The expected output is an exact copy of each line from the line with "Porsche Cayenne E-HYB" through the end of the data below, with no pictures in it.

[Brief descriptive captions]
===

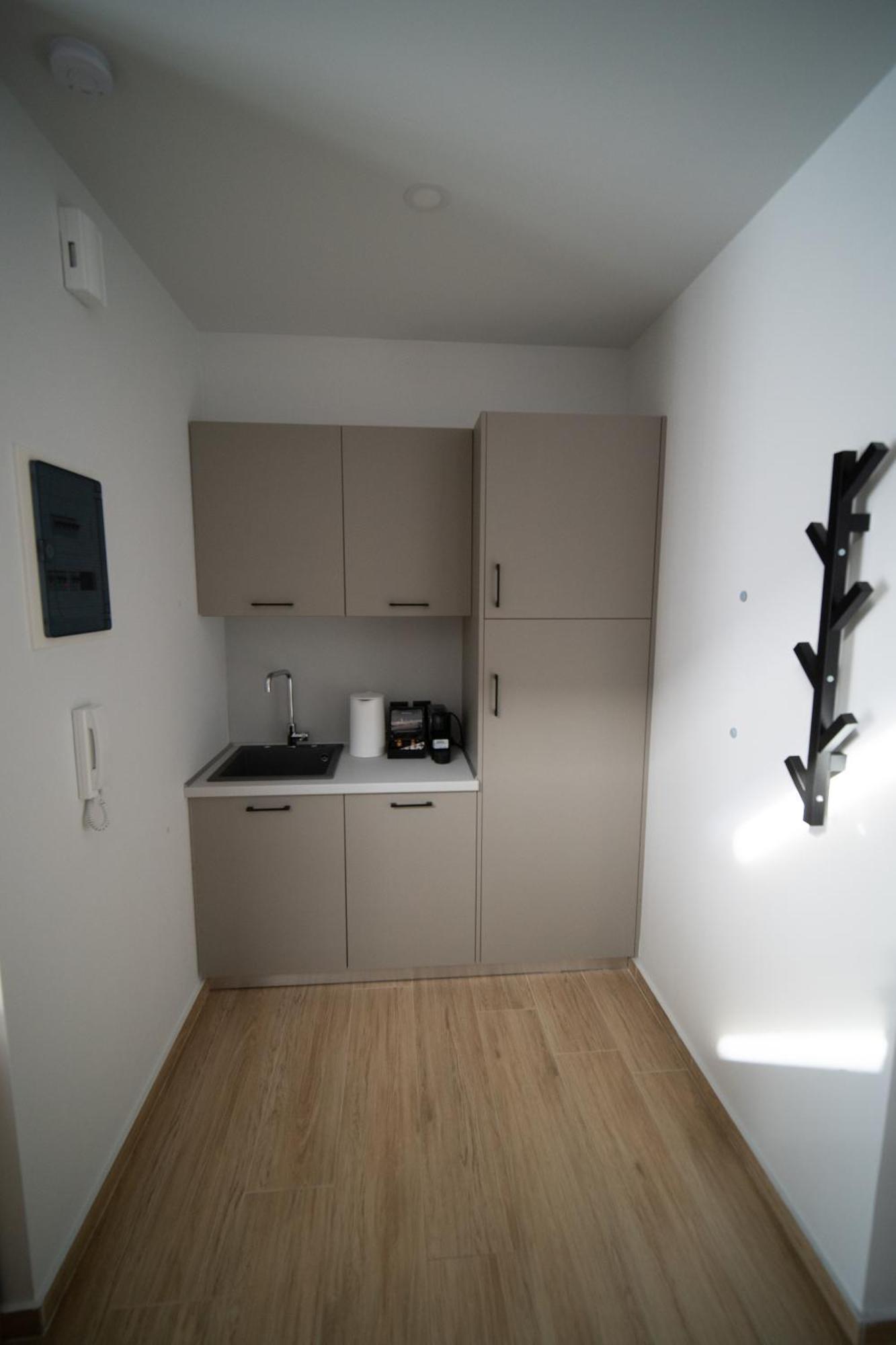 Smart Green Appartments Larissa Pokoj fotografie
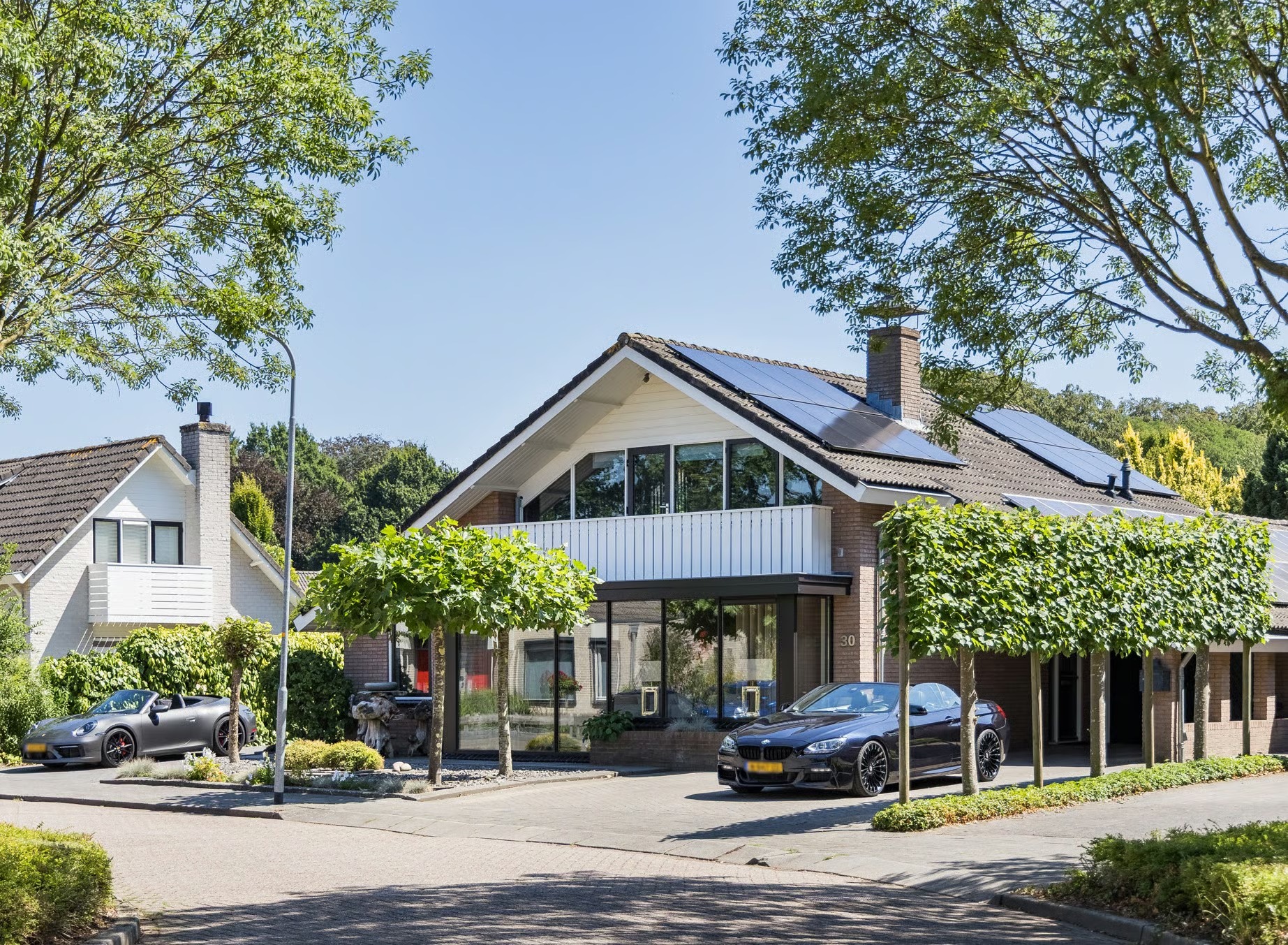 Vrijstaande woning Veenhuisweg 30 in Twello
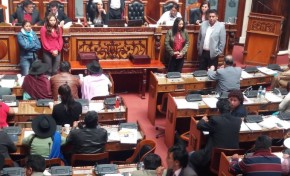 Nuevos vocales del TED Cochabamba tienen experiencia de trabajo en el OEP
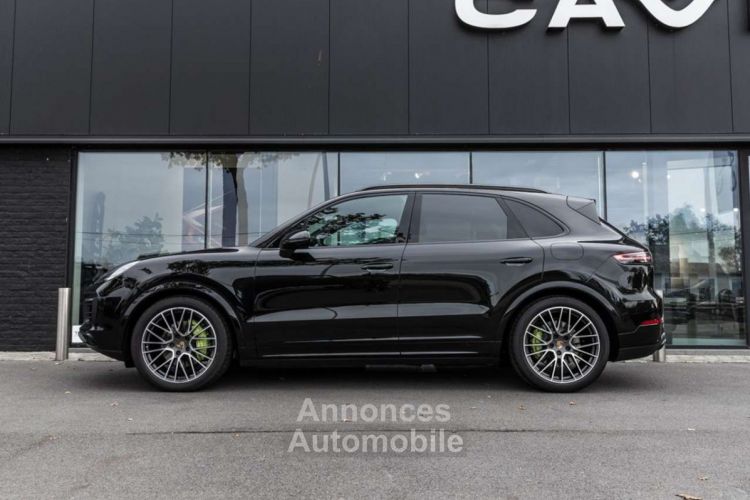 Porsche Cayenne E-HYB PLAT.EDITION-SPORTUITL-AIR-HUD-ACC-18W- FULL - <small></small> 92.900 € <small>TTC</small> - #3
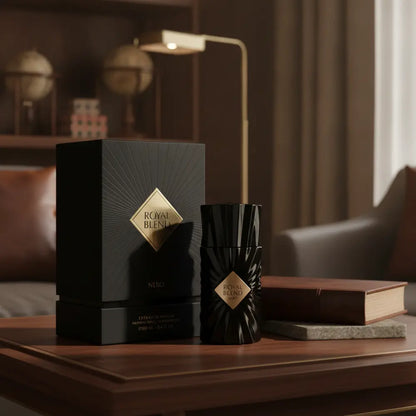 Royal Blend Nero Parfum Unissex - French Avenue - Universo do Perfume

===

TASK RESPONSE:
 Porsche Cayenne E-HYB PLAT.EDITION-SPORTUITL-AIR-HUD-ACC-18W- FULL - <small></small> 92.900 € <small>TTC</small> - #3
 Royal Blend Nero Parfum Unissex - French Avenue - Universo do Perfume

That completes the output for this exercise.